-- Opening Marker --

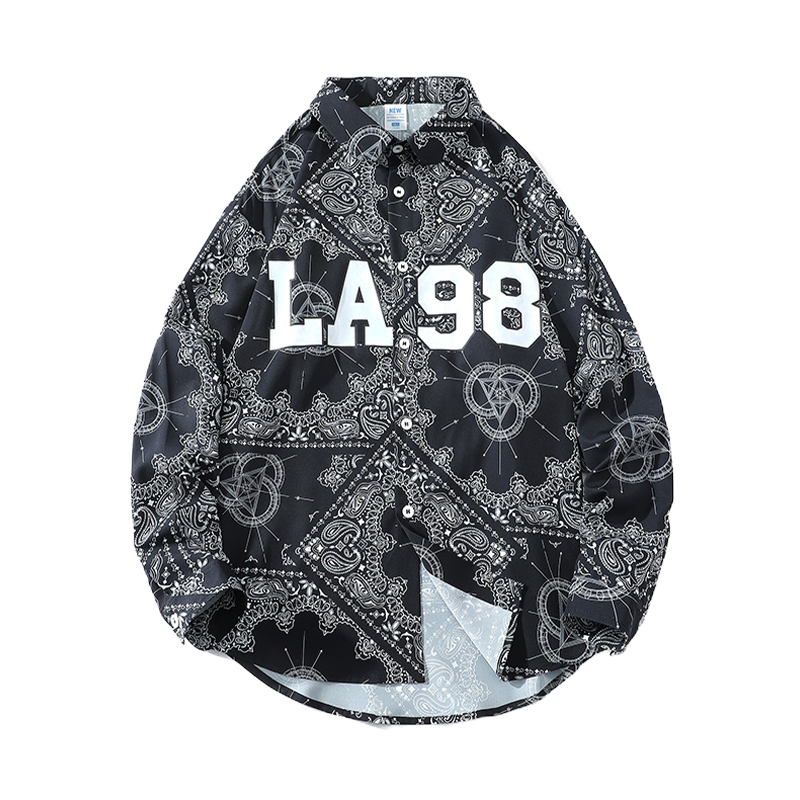 WOOG2005 2022新款数字字母印花衬衫男宽松大码衬衣方领百搭款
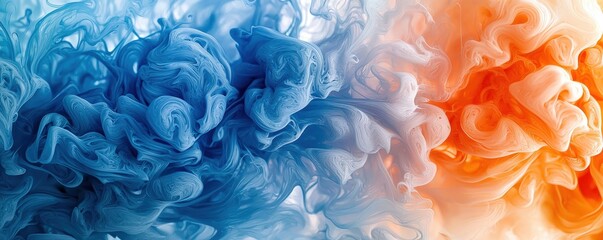 Spectacular blue and orange liquid ink swirling and churning together, with realistic textures and intricate 3D detail, evoking a sense of motion and depth
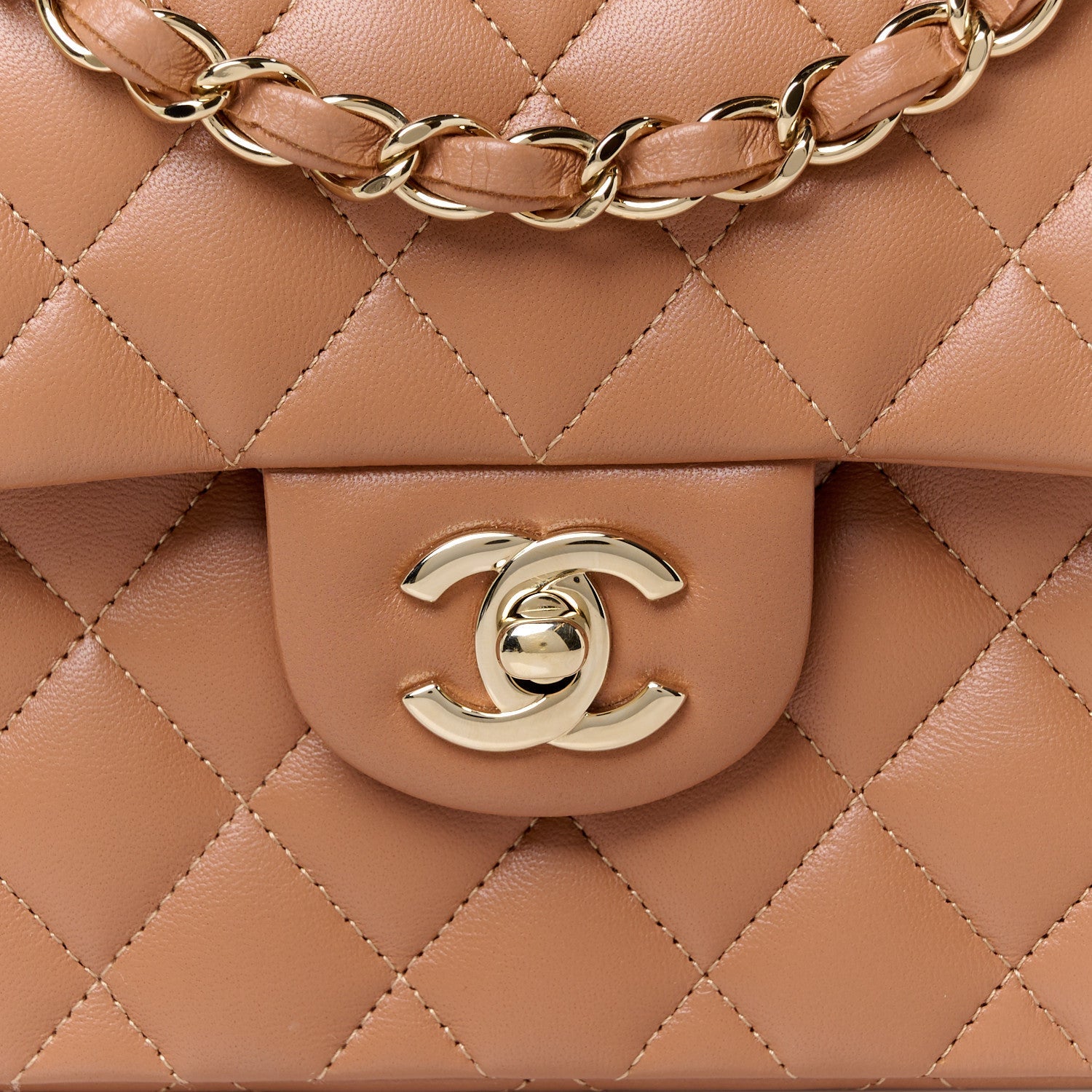 Lambskin Quilted Small Double Flap Brown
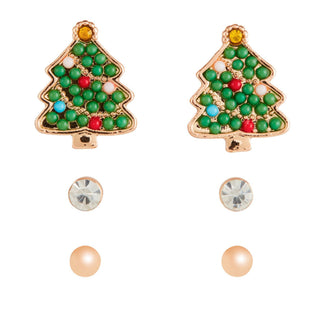 Mudpie Holiday Icon 3PK Christmas Stud Earrings Set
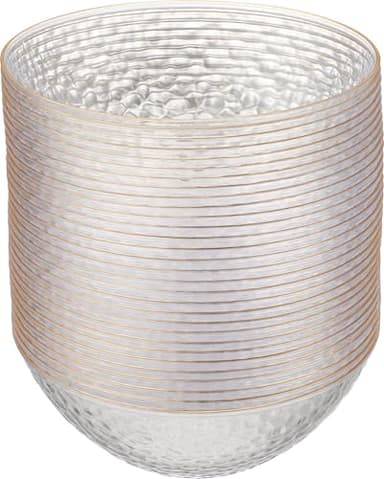 PLASTICPRO 30 Pack 12 Ounce Hammered Plastic Bowls, Heavyweight Disposable Bowl Set, Elegant Clear with Gold Rim, BPA Free, for Parties, Dinners, Events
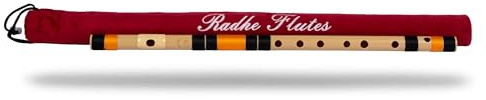 Radhe Flutes Bansuri Mitteloktave aus PVC-Faser, C-Form, für Linkshänder, mit Samtbezug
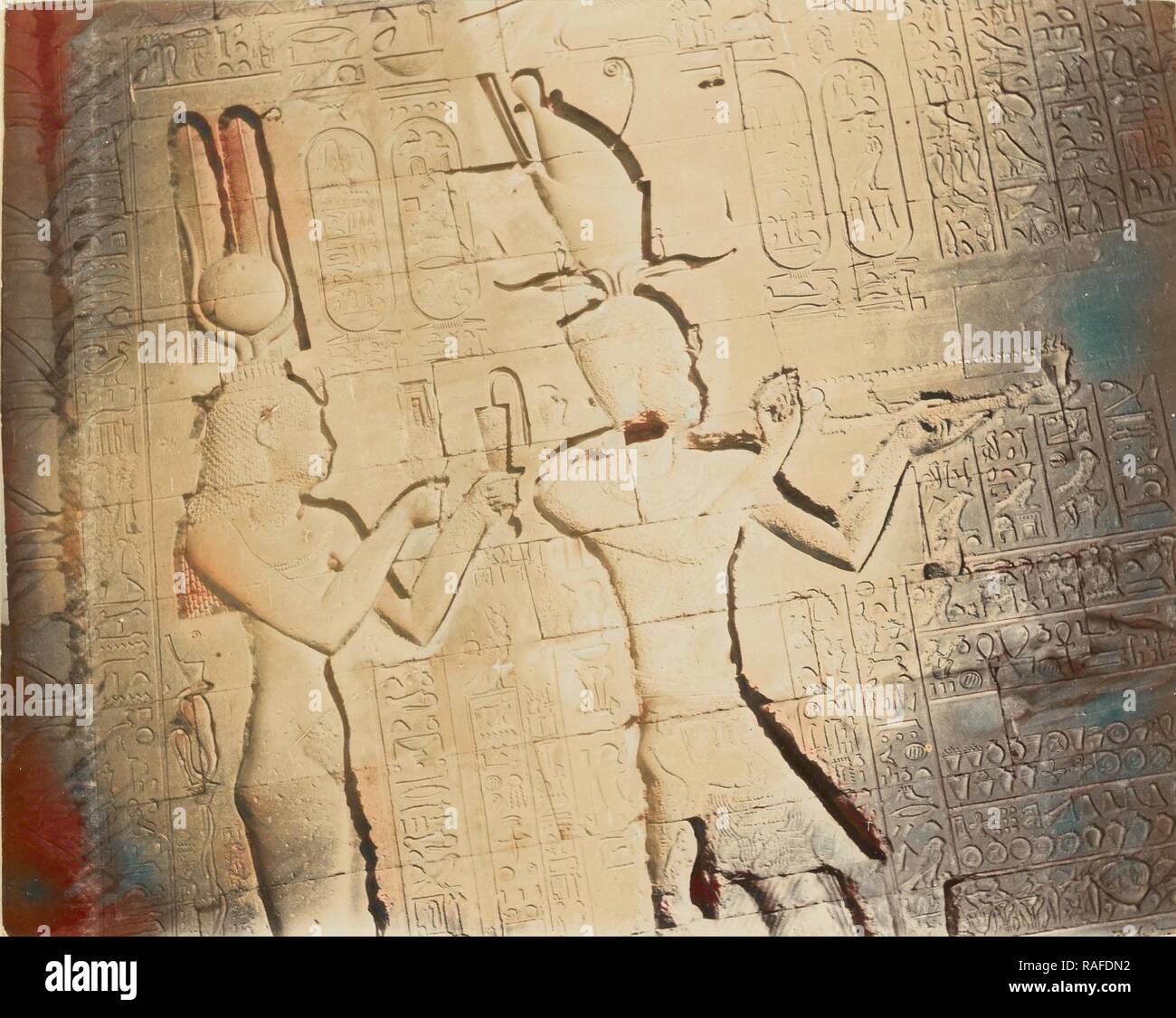 Wall carved with ancient Egyptian deities, Egypt, about 1860 1880, Tinted Albumen silver print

-- Closing Marker --

- **Task brief**: Quote each line of the listing exactly, but leave the pictures out.

- **Result for this task**:
 WOOG2005 2022新款数字字母印花衬衫男宽松大码衬衣方领百搭款
 Spectacular blue and orange liquid ink swirling and churning together, with realistic textures and intricate 3D detail, evoking a sense of motion and depth
 Lambskin Quilted Small Double Flap Brown
 Mudpie Holiday Icon 3PK Christmas Stud Earrings Set
 PLASTICPRO 30 Pack 12 Ounce Hammered Plastic Bowls, Heavyweight Disposable Bowl Set, Elegant Clear with Gold Rim, BPA Free, for Parties, Dinners, Events
 Radhe Flutes Bansuri Mitteloktave aus PVC-Faser, C-Form, für Linkshänder, mit Samtbezug
 Wall carved with ancient Egyptian deities, Egypt, about 1860 1880, Tinted Albumen silver print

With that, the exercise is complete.